Estimates of the number of protesters in New York ranged between 3,000 and 10,000, with people arriving from throughout the tri-state area. Many combined their opposition to President Bush’s plans for a pre-emptive attack on Iraq with hostility to Israel. One protester even cited the classical anti-Semitic forgery known as the Protocols of the Elders of Zion.

While stars like Susan Sarandon and her husband, Tim Robbins, made appearances at the rally, protesters held banners like “shmush Bush,” waved Palestinian flags, danced to music, and called for a change in American policy in the Middle East. The rally was organized by a group called Not In Our Name, which has produced a statement signed by liberal luminaries such as playwright Tony Kushner, feminist Gloria Steinem, and “politics of meaning” champion Michael Lerner of Tikkun magazine.

“Bush and Sharon are warmongers and are itching to go to war so that the U.S. can be the predominant power in the region,” said a retired war veteran, David Silver of Manhattan. “We need a regime removal in the USA. We should dump Bush, not our allies.” Other protesters called Mr. Bush a “racist” and an Israeli “puppet,” urging for a cessation of American aid to the Jewish state.

“We’re standing with the people of the world against an atmosphere of war and oppression,” said Elana Garcia, a New Yorker who was wearing the Palestinian head scarf known as a kaffiyeh. “Bush has unleashed Israel, and people resisting occupation are now called terrorists.” She called Israel “the attack dog of the Middle East.”

One protester, who identified himself as Amir Forghany of Queens, said the rally was a civic duty. “A voice of dissent is a form of patriotism,” he claimed. “Some wars are justified, but this one [in Iraq] just isn’t.” Mr. Forghany asserted that “big business” is the source of American policy and the reason for the war on terrorism. “There are interest groups who want Israel to dominate Palestine. If Bush goes with them and is too critical, he might lose [their] support…the international financiers have their hooks in everything.”

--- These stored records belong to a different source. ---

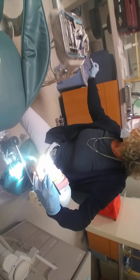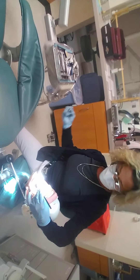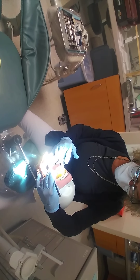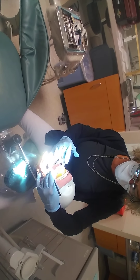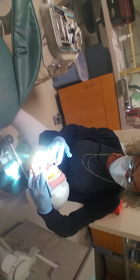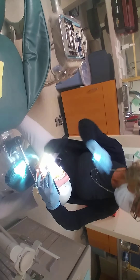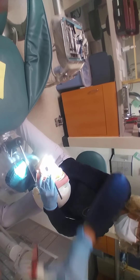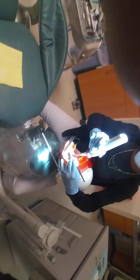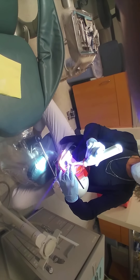Now I can take my composite and put 2 millimeters of flowable composite onto the pulpal floor and axial walls. That's going to flow into all those dentin tubules that were filled with resin, which is going to increase the retention of my restoration. Because this composite has fillers in it, I need to increase my curing time to 20 seconds.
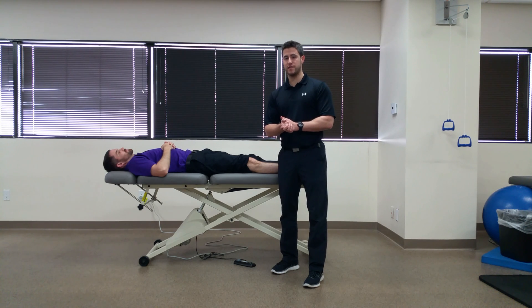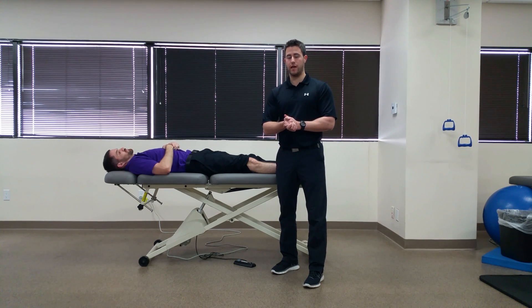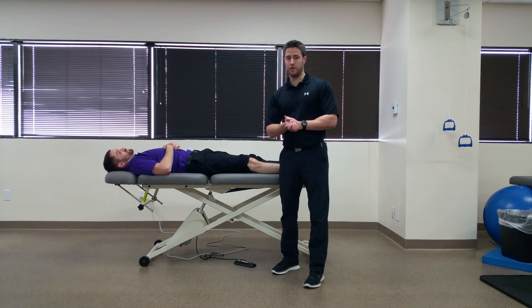A positive test at 30 degrees of knee flexion would be excessive gapping or pain in the LCL region. It should be noted that some gapping is normal at 30 degrees. The next part of the test is at zero degrees of knee flexion or neutral, and again excessive gapping, or gapping at all, is considered positive in addition to pain at zero degrees.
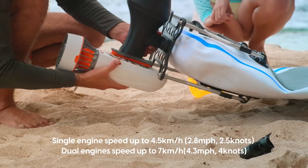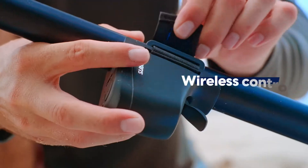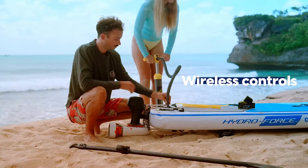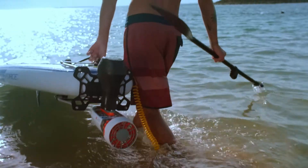Support single or dual engine mode. Wireless controls to give you freedom without cables. And a lightweight design that's easy to carry.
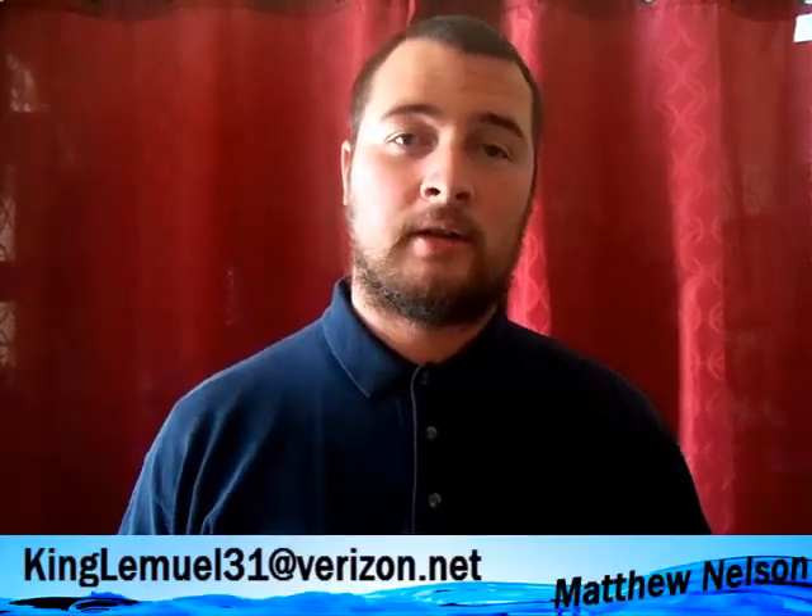So in closing, I would like to ask if you, your company, or anyone you know might be interested in producing or marketing my invention. If you are interested or if you have any questions, please email me at kinglemule31 at verizon.net. And if you're representing a company, we can discuss details.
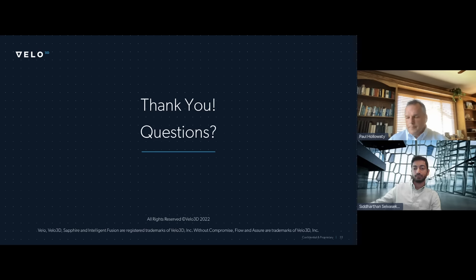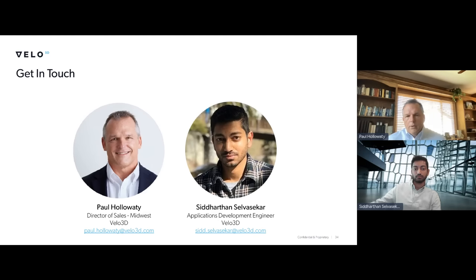Thank you, Paul and Sid. If anybody wants to get in touch with your team, what would be the best way? Our emails are there and we'd be happy to answer any questions. You can also go to our website at Velo3D.com. So we'll leave it there for today. I want to thank Velo3D for making this webinar possible, and thank you to everybody listening in. You should receive a link to that recording within the next few hours or at least within the next 24 hours. Thank you so much for joining us. Enjoy the rest of your Tuesday.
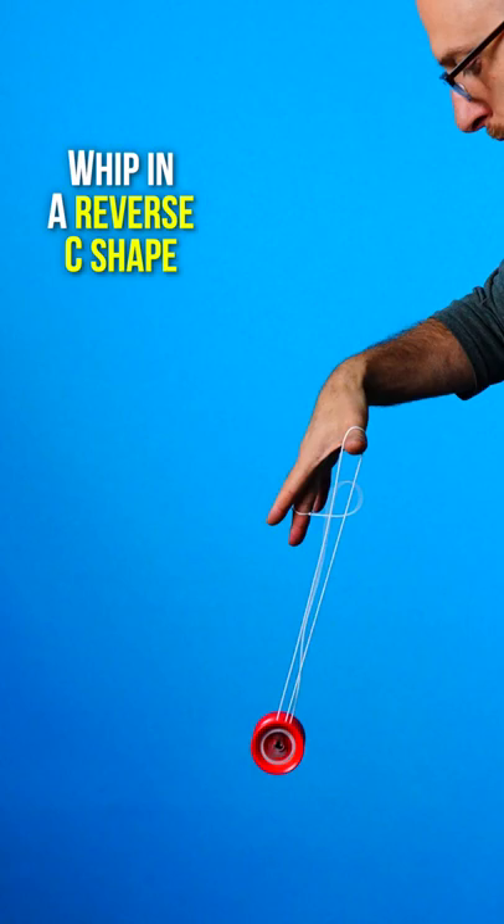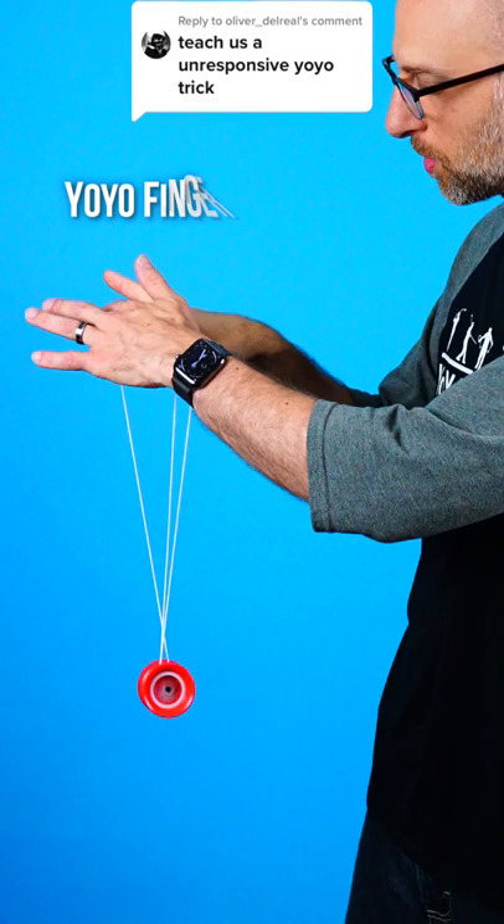Then you're going to make a C, kind of a reverse C shape, with your hand, and that allows the string to whip very close into the gap of the yoyo. When you've done it right, the string will go from your yoyo finger to the back side of the yoyo.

Ayman Asawa, who called himself a peace activist, agreed. “Bush is more Israeli than the Israelis themselves. He is a puppet of the Zionists [who] control the media, the government and the economy. The Jews’ book — the Protocols of the Elders of Zion — explains how they control the world and how they make people fight against each other.” His reference was to a notorious Russian forgery that has been a centerpiece of anti-Semitism since Czarist times. “The American government,” Mr. Asawa said, uttering another allegation frequently heard from anti-Semites, “is controlled by corporations and the corporations are controlled by Zionism.”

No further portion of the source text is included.